[HOW TO COMPLETE THIS TASK]:
Find the line with "The Burrows-Wheeler Transform" in the entries below, then output every line from it down to the line with "The meeting starts", exactly and with no pictures.

[PROVIDED ENTRIES]:
______

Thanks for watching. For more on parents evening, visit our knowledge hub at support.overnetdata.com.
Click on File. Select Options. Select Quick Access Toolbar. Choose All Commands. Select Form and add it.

______

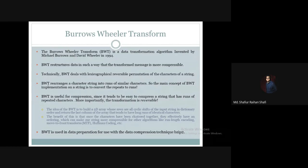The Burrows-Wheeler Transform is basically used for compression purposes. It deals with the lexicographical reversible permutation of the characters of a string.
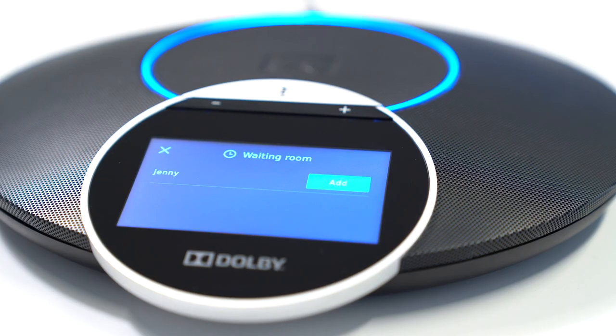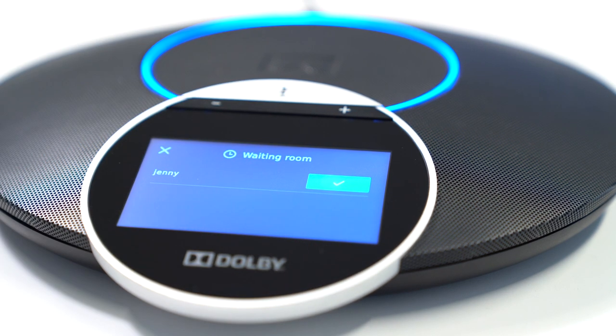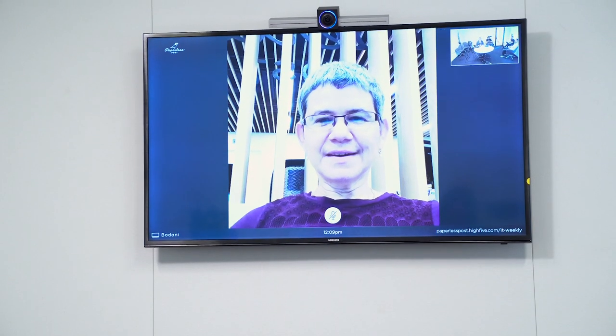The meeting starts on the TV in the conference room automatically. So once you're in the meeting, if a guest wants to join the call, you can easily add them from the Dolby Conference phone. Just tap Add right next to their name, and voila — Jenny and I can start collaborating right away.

______

[REPLY]:
The Burrows-Wheeler Transform is basically used for compression purposes. It deals with the lexicographical reversible permutation of the characters of a string.
The meeting starts on the TV in the conference room automatically. So once you're in the meeting, if a guest wants to join the call, you can easily add them from the Dolby Conference phone. Just tap Add right next to their name, and voila — Jenny and I can start collaborating right away.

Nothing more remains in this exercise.